Data provided

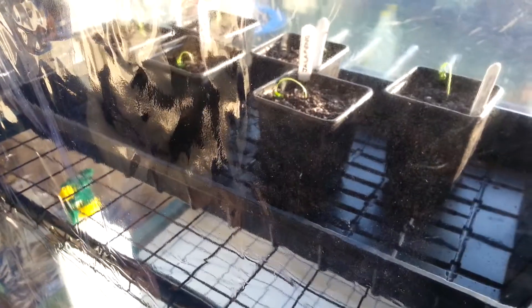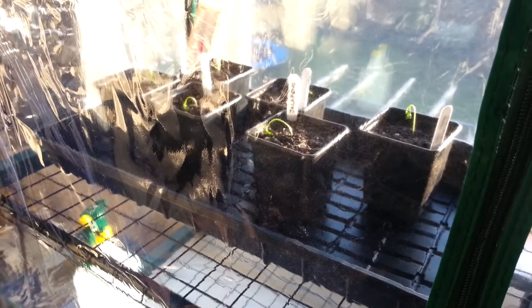They have been potted on into these 3-inch pots into a mixture of about 10% perlite, 10% vermiculite, and the rest compost. As far as I am aware that is the right thing to do, however there may have been a couple of reasons for this drooping.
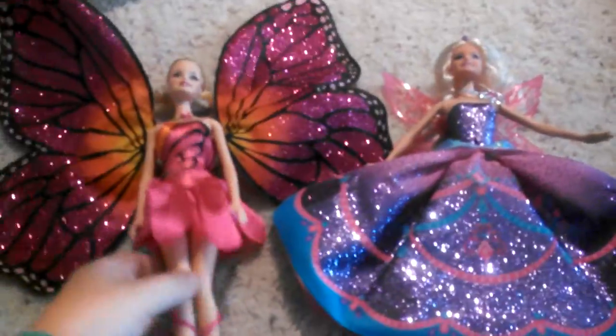I'm going to show you mine. The Barbie Mariposa and the Fairy Princess Mariposa. It took me forever to get her last wing on — it just wouldn't go on.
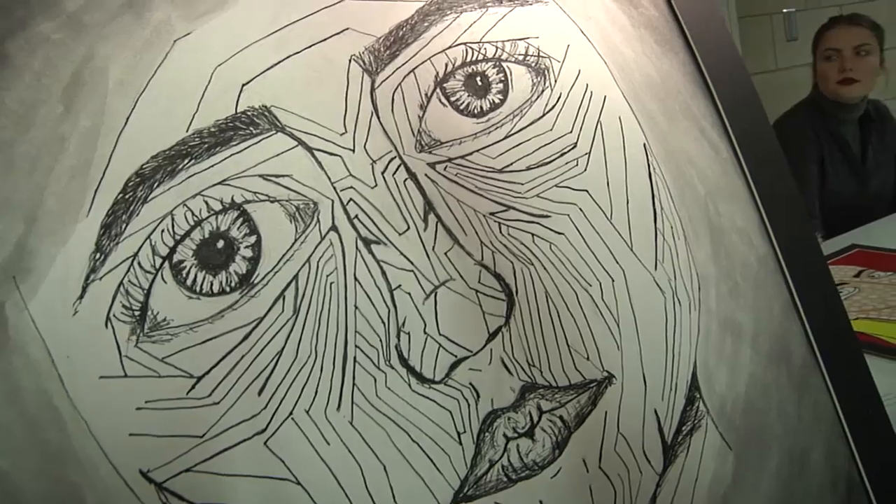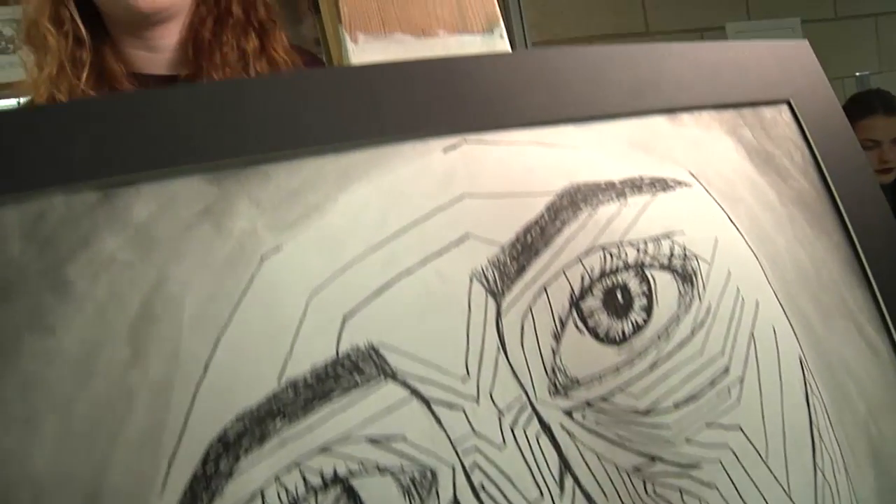What inspired me with this work of art is that I always see portraits drawn with pen or paint or colored pencils. A lot of the ones I saw with pen and ink — which is actually my favorite medium — were either scratched, sketched out, or very detailed. I wanted to do something almost in the middle of that.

Assignment
Output each line above exactly. Skip the images.

Solution to this task
They have been potted on into these 3-inch pots into a mixture of about 10% perlite, 10% vermiculite, and the rest compost. As far as I am aware that is the right thing to do, however there may have been a couple of reasons for this drooping.
I'm going to show you mine. The Barbie Mariposa and the Fairy Princess Mariposa. It took me forever to get her last wing on — it just wouldn't go on.
What inspired me with this work of art is that I always see portraits drawn with pen or paint or colored pencils. A lot of the ones I saw with pen and ink — which is actually my favorite medium — were either scratched, sketched out, or very detailed. I wanted to do something almost in the middle of that.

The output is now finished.